Já antes vislumbrara qualquer coisa de estranho, quando Filipe a rodeava, devorando-a com o olhar, suspirando ostensivamente, remexendo nervosamente as mãos para acabar afastando-se dela, quase a fugir, como que arrependido de se ter denunciado de algo aflitivo e a evidenciar-se da sua postura. Apenas não comprendera até que ponto a sua imagem o perturbava, nem das razões por que isso acontecia.
Tratava.se assim de um problema de paixão da juventude a afastá la de casa.
Raquel sabia, a princípio, ter necessidade de dominar aquela admiração pelo gesto de ternura de Filipe, porquanto, sempre que ele lhe surgia ao pensamento, o estudo de piano era de imediato prejudicado assim como a técnica que procurava melhorar em cada andamento musical. Era-lhe, contudo, impossível lançar ao esquecimento o carinho sentido na ocasião em que os lábios dele tinham pousado, ingenuamente, com simplicidade, nos seus, enquanto a sua mão lhe afagava a nuca e os cabelos, num ínfimo mas inolvidável momento, aquele instante jamais repetido, nunca experimentado, talvez planeado por um espírito superior a projectá-lo no futuro das recordações de ambos.
Voltou a reiniciar a partitura musical, uma vez mais interrompida, prometendo a si própria afastar em definitivo tão perturbadora imagem.
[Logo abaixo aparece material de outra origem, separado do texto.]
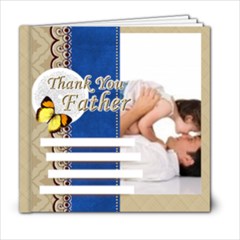 fathers day - 6x6 Photo Book (20 pages)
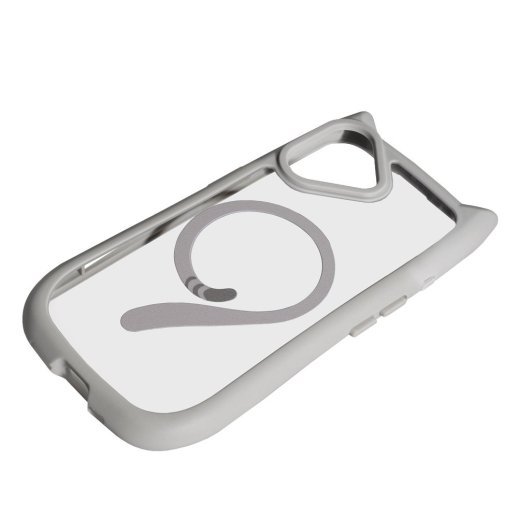 Накладка Cat Case With Magsafe для Apple iPhone 16 Grey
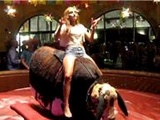Sexiest Bull Ride Ever!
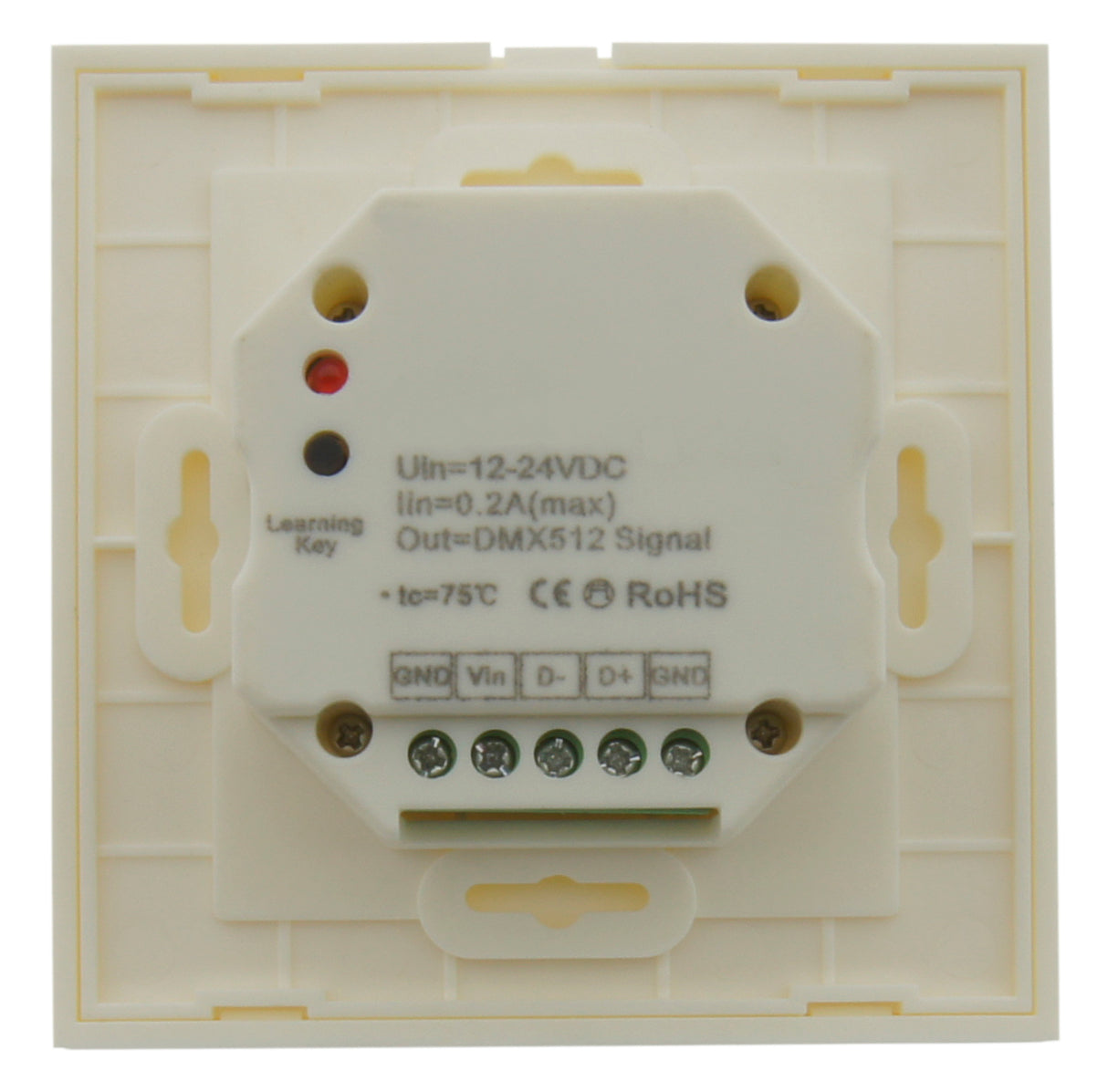 LED DMX Controller Mono - Schwarz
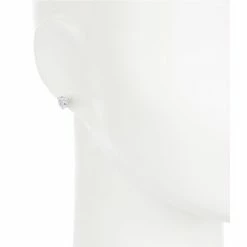 Coupon 👍 Kate Spade New York Brilliant Trio Prong Stud Earrings Silver ✔️ -Kate Spade New York shop unnamed file 843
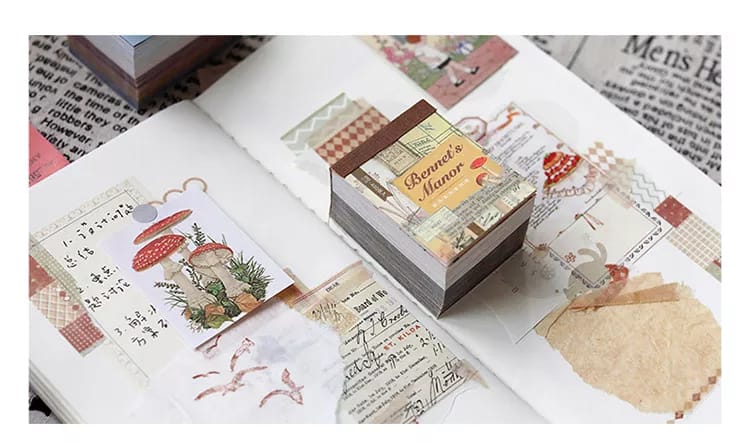 Journal Ephemera Pack (400 pcs) - Bennets Manor 400pcs journal ephmera Design2 2 400pcs_journal_ephmera_Design2_2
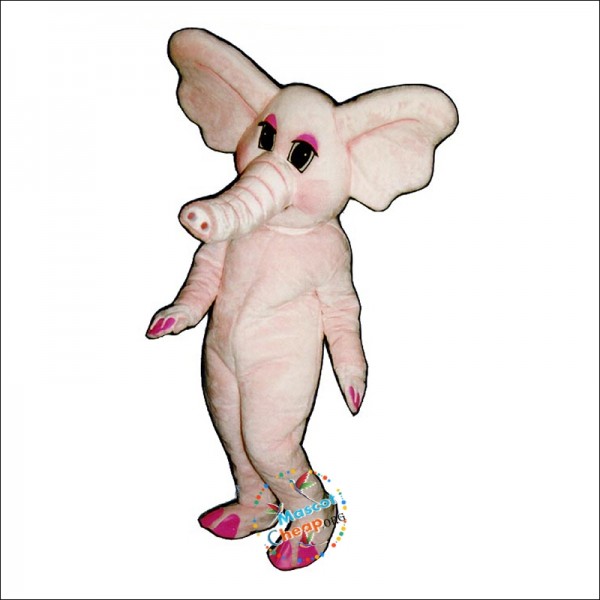 Elphie Elephant Mascot Costume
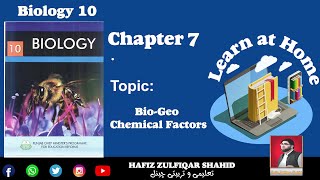 Grade 10 | Biology  | Unit 07{Lecture No 4} Man And His Environment  #hafizzulfiqarshahid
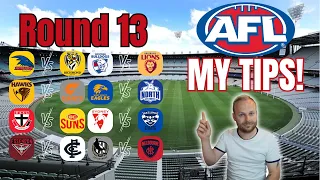 AFL 2024 | Round 13 Tips!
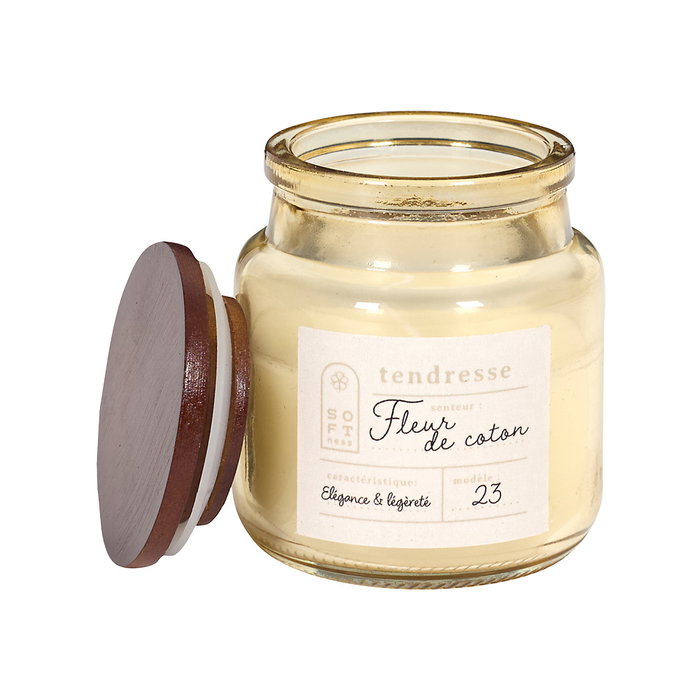 Home Deco Factory Bougie Parfumée en Pot de Verre Home Deco Factory Bougie Parfumée en Pot de Verre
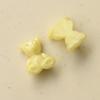 Ins Corea mismo estilo textura de arena movediza color sólido brillo oso diy resina aretes accesorios para el cabello material para carcasa de teléfono móvil al por mayor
Por outro lado tinha saudades dos pais e remordia-se com o facto deles também sentirem a sua falta, nos telefonemas diários e frequentes da mãe e de uma conversa um pouco mais demorada e significativa com o pai a quem mentira sobre as verdadeiras causas da mudança para casa da tia Octávia.
Aproximava-se a data da sua importante frequência no Conservatório. Raquel prolongou após o jantar o tempo de ensaio, repetindo os pontos musicais que lhe pareciam mais atrasados, sobretudo no compasso que teimosamente se adiantava ao ritmo exigido e seria o suficiente para lhe fazer baixar a nota o que, para os seus professores parecia não se justificar, pelo seu virtuosismo, a fazer já naquela altura inveja a muitos conceituados concertistas mais velhos.
Foi nesse momento, já passava um pouco das dez da noite que a tia a interrompeu, informando-a:
- Raquel, está ao telefone o seu irmão Filipe!
Levantou-se imediatamente, decidida, os olhos brilhantes, determinada a finalizar com as ilusões, os indevidos e inqualificáveis desejos do irmão mais novo, responsabilizando-o por tudo o que lhes estava a acontecer.